The Minervois

The Minervois is an area situated between the Herault and the Aude and, like the Corbière, it is famous for its wine. Besides viniculture, the area is rich in history which goes back to before the Roman occupation.

The name Minervois comes from the name Minerva, de Mother Goddess, who was introduced in the Languedoc by the Phoenicians and the Greek, who settled in the Languedoc's coastal strip several centuries BC. It is strange that the town which is called Minerve, is not situated in this department, but in the Herault.

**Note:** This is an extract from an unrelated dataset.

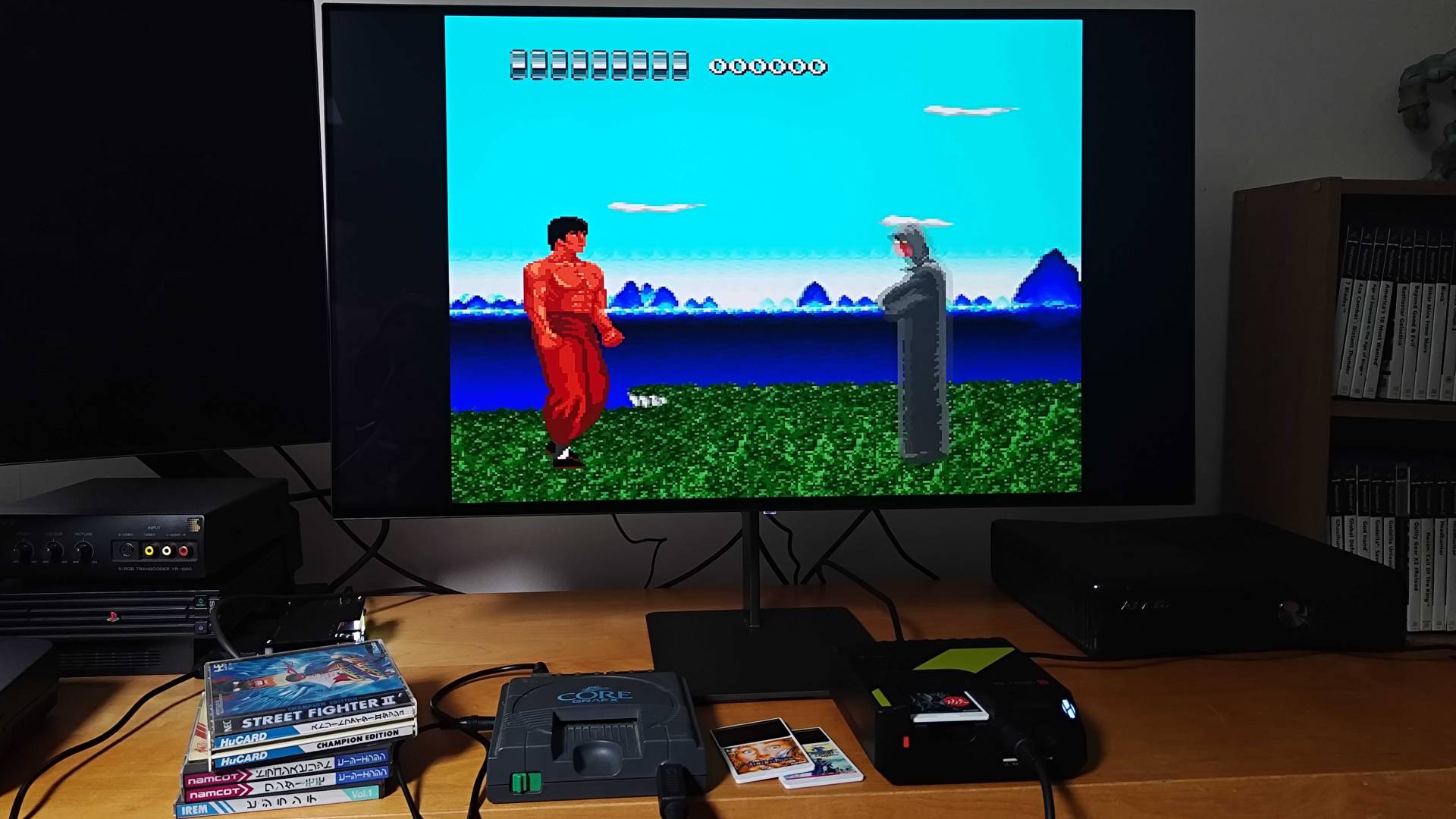Hyperkin Retron GX running The Kung Fu next to PC Engine beneath monitor.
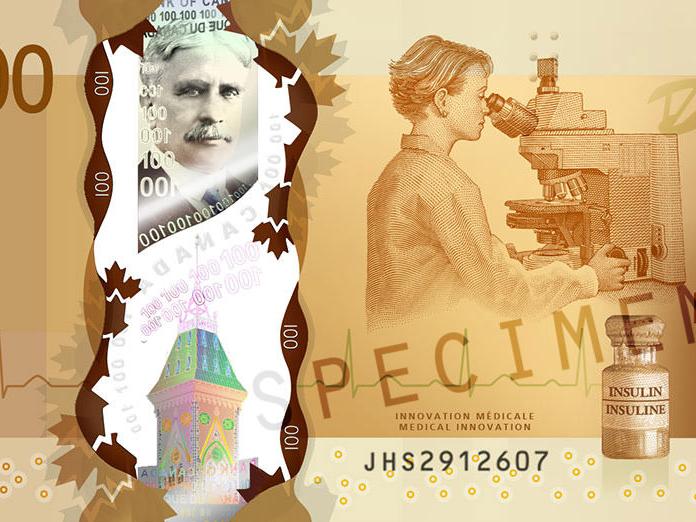 $100 加拿大貨幣鈔票的特寫視圖，其中展示了蔡司顯微鏡。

The Minervois is a landscape with mild hills and flat land, and it can be very very hot in Summer. Traces from the past have become the present attractions and the Canal du Midi draws tourists who seek peace and quiet on the waters. The most important towns are Caunes-Minervois and Rieux-Minervois.

Le Canal du Midi
To avoid the dangerous sea route around Gibraltar (the infamous Gates of Hercules), there were already plans in Roman times to dig a channel and connect the Atlantic with the Mediterranean. Only much later this waterway was realized. The 240 km long Canal du Midi was dug in the 17th century and runs from Toulouse via Carcassonne and Narbonne to Sète on the Mediterranean coast. The project was executed under the leadership of Baron Riquest. There are over 100 locks to overcome the differences in height. To supply the higher parts of the canal with enough water, they built a great reservoir between Villefranche and Castelnaudary. The Canal du Midi is not suitable for ships bigger than 30 meters long and 1.60 meters deep. Today the Canal du Midi is more often used for relaxation than for commercial purposes. A small trip from Homps is especially recommended.

The Dolmens of Villeneuve
From Villeneuve a narrow road leads to the at least 5000 year old dolmen "Palet de Roland". The town has created an access road on its own initiative, so that the ancient monuments can be accessible for all. In 1972, the monument was restored by a team of amateur archeologists. It was already very well preserved. Human remains have been found, along with pieces of flint stone.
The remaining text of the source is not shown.